The pipeline has six different data classes. One count-rate map class and five product classes. Those classes are independent of the observing mode (i.e. imaging, spectroscopy) but rather represent data types of different dimensions (1D, 2D, 3D) and if they are rectified or not (R, I). The name of a datatype/class is therefore composed from those two attributes. For example I2D is the data class for irregular 2D data (before rectification).

All output files are written in the configured output directory within a folder with the exposure ID. The structure is outlined below.

Note

When processing the same target with different parameters, a different target name has to be set, otherwise the existing data will be overwritten.

<output path>/
    |-- config/
        |-- config.json
    |-- log/
        |-- master_pipeline.log
    |-- data/
        |-- <NID>_<ENVIRONMENT>_<FWA>_<GWA>_<LAMP>/
            |-- <NID>_<ENVIRONMENT>_<FWA>_<GWA>_<LAMP>_CTS1.fits
            |-- <NID>_<ENVIRONMENT>_<FWA>_<GWA>_<LAMP>_CTS2.fits
            |-- <NID>_<ENVIRONMENT>_<FWA>_<GWA>_<LAMP>.sqlite
            |-- <NID>_<ENVIRONMENT>_<TARGETNAME>/
                |-- config/
                    |-- pipeline_cfg.json
                    |-- target_cfg.json
                    |-- <step1>_cfg.json
                    |-- <step2>_cfg.json
                    |-- ...
                |-- log/
                    |-- <NID>_<ENVIRONMENT>_<TARGETNAME>.log
                |-- products/
                    |-- <NID>_<ENVIRONMENT>_<TARGETNAME>_AWCS_I2D.fits
                    |-- <NID>_<ENVIRONMENT>_<TARGETNAME>_RADM_I2D.fits
                    |-- <NID>_<ENVIRONMENT>_<TARGETNAME>_RECT_R2D.fits
                    |-- <NID>_<ENVIRONMENT>_<TARGETNAME>_EXTR_R1D.fits

In the main folder (called “master” by default), there is the master_pipeline log file which logs all main activities of the pipeline. For each target, there is a specific log file in the target folder as well as a collection of all parameters for each step, pipeline and target stored as json files. The pipeline accepts those json files as input if one wants to run the pipeline with the exact same configurations again. A more detailed description the naming and structure of the NIPS2.0 pipeline products can be found on livelink (ESA-JWST-SCI-NRS-DD-2017-002).
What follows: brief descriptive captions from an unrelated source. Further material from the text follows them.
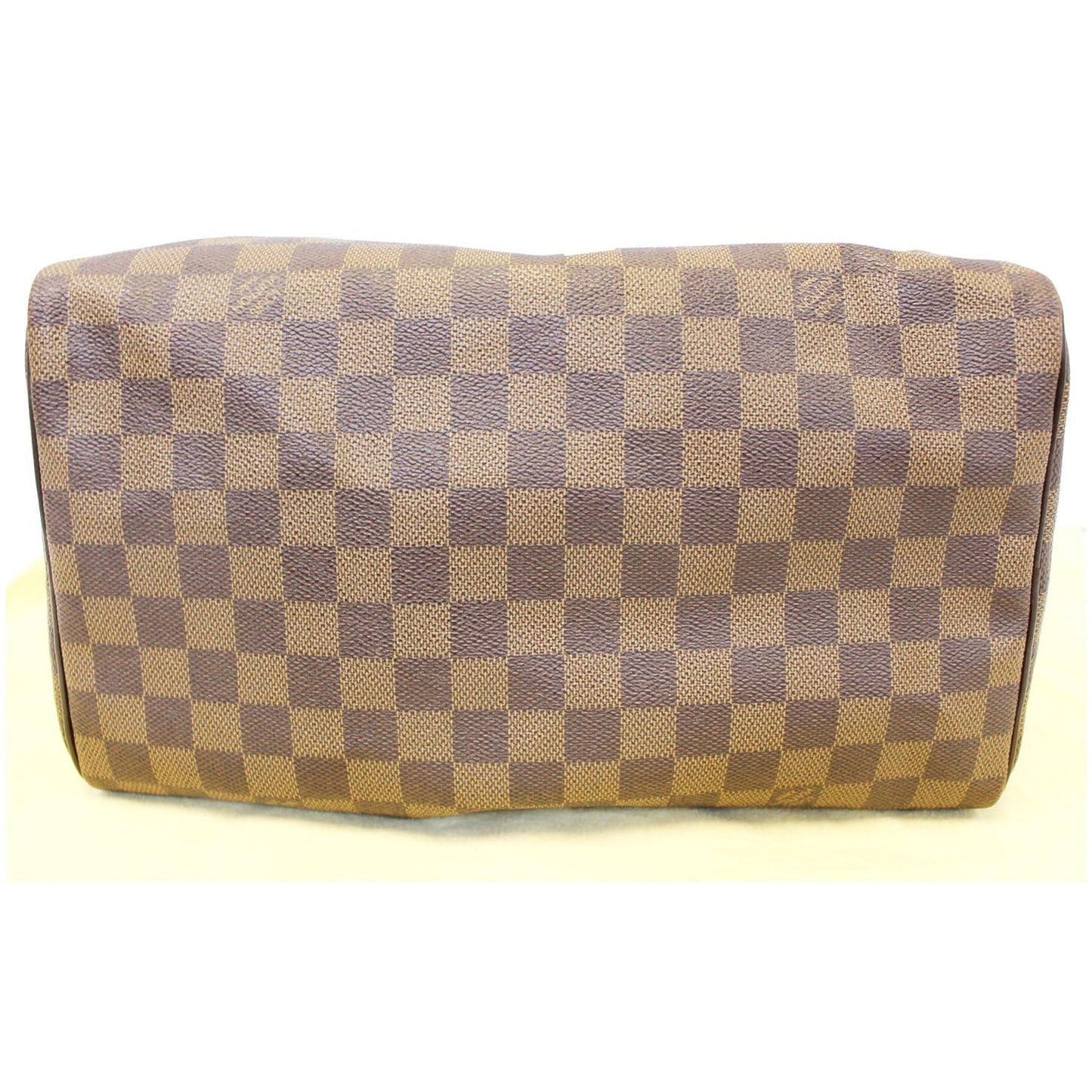 LOUIS VUITTON Speedy 30 Damier Ebene Satchel Handbag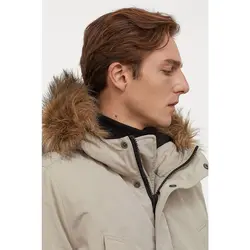 خرید کاپشن بلند مردانه اچ اند ام کد 44091 | فروشگاه اینترنتی بانی استایل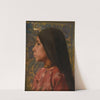 Petite fille fellah by Paul Alexandre Alfred Leroy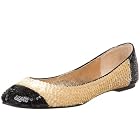 ALL BLACK More Sequins Flat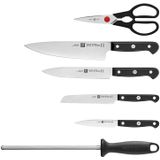 Messenset - Staal - 6 Stuks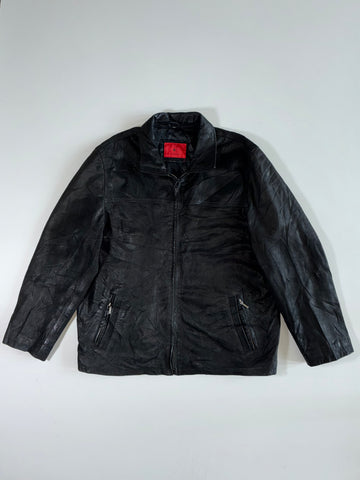 Pascal Morabito Premium Original Leather Jacket (2XL/3XL)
By default the pipeline outputs the 2D irregular product of the AWCS step (just after extracting and assigning coordinates), the last I2D product before rectification (if using the default pipeline steps, this will be after the RADM step), the rectified R2D product and the extracted R1D products or R3D cube in case of IFU. The PipelineParameters class accepts a keyword called PipelineParameters.writeout to control the output parameters.